Nonsense - a host CPU is perfectly capable of splitting a stripe into
its blocks in a fraction of a microsecond. It is also much faster at
doing the parity calculations - the host CPU typically runs at least ten
times as fast as the CPU or ASIC on the raid card. And again, the
splitting and parity calculations are not the bottleneck, it's the
latency of the reads needed to calculate the new parity that takes time.

Where a hardware raid card will win is if your IO is a bottleneck, which
can be the case for large fast arrays. In particular, if you have a
mirror raid with software raid, then the host CPU has to write out all
the data twice - with hardware raid, it's the raid card that doubles up
the data.

There are times when top-range hardware raid cards will beat software
raid on speed, but not often - especially with a fast multi-core modern
host cpu. It does, however, depend highly on your raid setup and the
type of load you have - there are no set answers here.

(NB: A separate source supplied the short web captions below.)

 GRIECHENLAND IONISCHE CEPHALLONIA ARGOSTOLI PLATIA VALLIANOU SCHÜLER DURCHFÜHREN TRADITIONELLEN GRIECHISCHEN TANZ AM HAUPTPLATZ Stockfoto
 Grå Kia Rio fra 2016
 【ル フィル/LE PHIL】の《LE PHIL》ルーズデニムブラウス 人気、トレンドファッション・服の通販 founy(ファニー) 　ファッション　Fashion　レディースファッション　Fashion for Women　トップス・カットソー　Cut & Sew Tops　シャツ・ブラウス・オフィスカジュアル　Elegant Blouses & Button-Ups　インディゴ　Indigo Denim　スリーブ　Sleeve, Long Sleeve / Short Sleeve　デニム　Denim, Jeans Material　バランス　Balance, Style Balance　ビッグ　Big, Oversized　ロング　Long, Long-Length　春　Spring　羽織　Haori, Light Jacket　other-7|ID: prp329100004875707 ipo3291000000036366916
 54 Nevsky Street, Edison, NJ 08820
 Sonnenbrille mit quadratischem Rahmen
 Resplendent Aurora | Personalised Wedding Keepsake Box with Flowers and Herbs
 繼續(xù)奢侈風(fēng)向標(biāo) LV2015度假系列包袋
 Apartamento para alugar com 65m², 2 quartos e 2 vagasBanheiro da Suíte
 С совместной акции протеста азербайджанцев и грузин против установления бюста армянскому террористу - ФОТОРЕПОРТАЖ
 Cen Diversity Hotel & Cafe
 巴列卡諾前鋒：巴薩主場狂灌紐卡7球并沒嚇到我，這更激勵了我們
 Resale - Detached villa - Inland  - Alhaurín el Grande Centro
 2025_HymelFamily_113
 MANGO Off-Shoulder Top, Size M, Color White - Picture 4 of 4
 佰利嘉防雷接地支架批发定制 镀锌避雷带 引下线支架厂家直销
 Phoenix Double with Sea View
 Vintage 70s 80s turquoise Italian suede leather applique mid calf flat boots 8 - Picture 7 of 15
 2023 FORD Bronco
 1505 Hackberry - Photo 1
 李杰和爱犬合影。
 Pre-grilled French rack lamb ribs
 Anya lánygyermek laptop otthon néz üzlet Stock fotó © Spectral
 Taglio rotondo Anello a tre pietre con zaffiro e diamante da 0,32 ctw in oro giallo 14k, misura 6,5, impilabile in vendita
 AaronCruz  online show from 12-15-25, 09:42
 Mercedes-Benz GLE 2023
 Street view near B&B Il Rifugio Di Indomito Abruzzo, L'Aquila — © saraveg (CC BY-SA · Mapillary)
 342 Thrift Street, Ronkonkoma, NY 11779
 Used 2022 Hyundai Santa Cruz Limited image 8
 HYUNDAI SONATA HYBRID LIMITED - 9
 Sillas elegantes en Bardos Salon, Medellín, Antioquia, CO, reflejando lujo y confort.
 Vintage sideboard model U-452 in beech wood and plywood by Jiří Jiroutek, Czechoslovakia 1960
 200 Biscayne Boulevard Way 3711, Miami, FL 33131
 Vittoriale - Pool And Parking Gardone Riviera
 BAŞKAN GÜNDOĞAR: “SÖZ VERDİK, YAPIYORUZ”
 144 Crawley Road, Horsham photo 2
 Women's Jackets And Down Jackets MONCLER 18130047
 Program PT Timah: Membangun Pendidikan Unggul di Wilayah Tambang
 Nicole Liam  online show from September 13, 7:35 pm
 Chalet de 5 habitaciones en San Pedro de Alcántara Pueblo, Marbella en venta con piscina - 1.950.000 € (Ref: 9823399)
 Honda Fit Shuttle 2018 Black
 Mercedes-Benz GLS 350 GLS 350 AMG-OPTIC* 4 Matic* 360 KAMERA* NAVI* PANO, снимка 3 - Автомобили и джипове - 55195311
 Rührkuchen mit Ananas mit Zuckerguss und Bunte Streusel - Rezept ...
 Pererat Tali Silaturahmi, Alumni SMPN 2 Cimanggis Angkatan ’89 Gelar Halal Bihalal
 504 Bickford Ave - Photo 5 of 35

Software raid does of course have a reliability weak point - if your OS
crashes in the middle of a write, you have a bigger chance of hitting
the raid 5 write hole than you would with a hardware raid card with a
battery.

>>> In this case, you don't have any redundancy. Writing to the
>>> stripeset is faster than writing to a single disk, and the same
>>> applies for reading. It's not a 2:1 performance boost due to the
>>> overhead for splitting the data for writes and re-assembling it upon
>>> reads, but there is a significant performance improvement, and
>>> especially so if you use more than two disks.
>> Why doesn;t a similar boost come out of a RAID5 with a large number of
>> disks? Merely because of the parity calculation overhead?
>
> Yes, that is the main difference. Like I said, RAID 6 is even slower
> during writes (and has equal performance during reads).
>

Assuming (again!) that you are doing a small write and the old data and
parity blocks are not in the cache, then you have the latency of the
reads (two reads for a single block write on raid 5, and three reads for
raid 6).

For reading, especially for large reads, raid 5 is approximately like
N-1 raid 0 drives, while raid 6 is like N-2 raid 0.

>>> There are however a few considerations you should take into account
>>> with both of these approaches, i.e. that you should not put the
>>> filesystem which holds the kernels and /initrd/ - and preferably not
>>> the root filesystem either[1] - on a stripe, because the bootloader
>>> recognizes
>> Luckily that is not needed. I have a seperate drive to boot from. The
>> RAID is intended only for user /home dirs.
>
> Ah but wait a minute. As I understand it, you have a hardware RAID
> adapter card. In that case - assuming that it is a real hardware RAID
> adapter and not one of those on-board fake-RAID things - it doesn't
> matter, because to the operating system (and even to the BIOS), the
> entire array will be seen as a single disk. So then it is perfectly
> possible to have your bootloader, your "/boot" and your "/" living on
> the RAID array. (I am doing that myself on one of my machines, which
> has two RAID 5 arrays of four disks each.)
>
> And in this case - i.e. if you have a hardware RAID array - then your
> original question regarding software RAID 0 versus striping via LVM is
> also answered, because hardware RAID will always be a bit faster than
> software RAID or striped LVM. Additionally, since you mention seven
> disks, you could even opt for RAID 10 or 51 and even have a "hot spare"
> or "standby spare". (Or you could use the extra disk as an individual,
> standalone disk.)
>
> RAID 10 is where you have a mirror (i.e. RAID 1) which is striped to
> another mirror - you could instead also use RAID 01, which is a stripe
> which is mirrored on another stripe. RAID 10 is better than RAID 01
> though - there's a good article on Wikipedia about it. RAID 10 or 01
> require four disks in total. Performance is very good for both reading
> and writing *and* you have redundancy.
>

Yes, wikipedia /does/ have some useful information about raid - it's
worth reading.

One thing you are missing here is that Linux mdadm raid 10 is very much
more flexible than just a "stripe of mirrors", which is the standard
raid 10. In particular, you can use any number of disks (from 2
upwards), you can have more than 2 copies of each block (at the cost of
disk space, obviously) for greater redundancy, and you can have a layout
that optimises the throughput for different loads.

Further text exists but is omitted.